Toutefois, -le pire n'étant jamais certain-, des informations rapportées par le site Globo News et le quotidien La Folha de Sao Paulo ont signalé que "des herbiers du musée, sa bibliothèque principale, une partie de la collection de zoologie (invertébrés) -conservés dans un bâtiment annexe-, ainsi que des minéraux et météorites, dont une de 5 tonnes, l'une des plus imposantes du monde, découverte à Bendego, dans le sertao de l'Etat de Bahia, en 1784", auraient été épargnés. 

Météorite ayant survécu à l'incendie du Musée national de Rio de Janeiro (Brésil).

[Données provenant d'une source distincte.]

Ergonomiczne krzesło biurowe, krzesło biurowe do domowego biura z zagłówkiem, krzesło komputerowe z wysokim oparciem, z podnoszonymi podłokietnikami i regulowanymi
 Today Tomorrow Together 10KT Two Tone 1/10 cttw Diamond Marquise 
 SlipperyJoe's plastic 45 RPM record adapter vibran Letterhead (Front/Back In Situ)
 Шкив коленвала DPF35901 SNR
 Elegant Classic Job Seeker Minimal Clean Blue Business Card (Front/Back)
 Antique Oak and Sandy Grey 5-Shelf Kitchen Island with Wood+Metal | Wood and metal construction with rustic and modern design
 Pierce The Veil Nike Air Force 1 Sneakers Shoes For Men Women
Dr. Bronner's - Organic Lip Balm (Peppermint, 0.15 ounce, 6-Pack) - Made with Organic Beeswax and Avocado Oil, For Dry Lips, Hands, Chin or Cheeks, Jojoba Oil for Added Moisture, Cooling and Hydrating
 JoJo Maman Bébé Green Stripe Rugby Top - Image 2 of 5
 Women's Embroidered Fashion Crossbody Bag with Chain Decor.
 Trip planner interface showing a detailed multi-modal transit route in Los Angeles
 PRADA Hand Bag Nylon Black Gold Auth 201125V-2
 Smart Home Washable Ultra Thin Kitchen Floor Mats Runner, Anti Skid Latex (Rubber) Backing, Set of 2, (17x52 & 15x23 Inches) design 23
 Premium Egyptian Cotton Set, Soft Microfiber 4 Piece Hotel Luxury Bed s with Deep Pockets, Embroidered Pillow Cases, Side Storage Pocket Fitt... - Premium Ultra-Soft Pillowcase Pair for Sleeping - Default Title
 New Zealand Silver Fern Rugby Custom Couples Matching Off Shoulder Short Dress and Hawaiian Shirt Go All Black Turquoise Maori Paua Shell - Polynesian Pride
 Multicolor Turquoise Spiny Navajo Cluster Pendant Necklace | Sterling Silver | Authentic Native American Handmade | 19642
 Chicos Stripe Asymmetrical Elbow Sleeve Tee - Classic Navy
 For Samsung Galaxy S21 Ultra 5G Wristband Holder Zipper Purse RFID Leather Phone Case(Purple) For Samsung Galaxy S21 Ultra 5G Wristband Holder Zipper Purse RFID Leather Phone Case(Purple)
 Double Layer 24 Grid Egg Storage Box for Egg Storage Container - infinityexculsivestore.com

La tragédie du Musée national de Rio rappelle d’autres malheurs subis par le Brésil dans le domaine des sciences et de la culture. Il y a 40 ans, le 8 juillet 1978, le Musée d’Art Moderne de Rio avait ainsi vu disparaître dans les flammes un millier d’œuvres d’art, parmi lesquelles des toiles de Pablo Picasso et de Salvador Dali. Et en 2003, plus dramatique encore, 21 ingénieurs avaient été tués lors de l’explosion d’une fusée qui avait pulvérisé la base d’Alcantara (Nord-Est), réduisant à néant les ambitions aérospatiales du pays.

Le Musée national de Rio de Janeiro, avant l'incendie.

Avec la disparition du Musée national, c’est donc une partie du patrimoine, mais aussi de la mémoire historique, culturelle et scientifique du Brésil qui vient de partir en fumée. Ironie du sort, alors que le Brésil s’apprête à commémorer sa Fête d’Indépendance le 7 septembre 2018, c’est dans les murs encore brûlants de ce musée, témoins de grands moments de l'histoire du Brésil, qu’avait été signée cette proclamation en 1822 …

 

 

* premières paroles d’une célèbre chanson de Carlos Jobim et Vinicius de Moraes.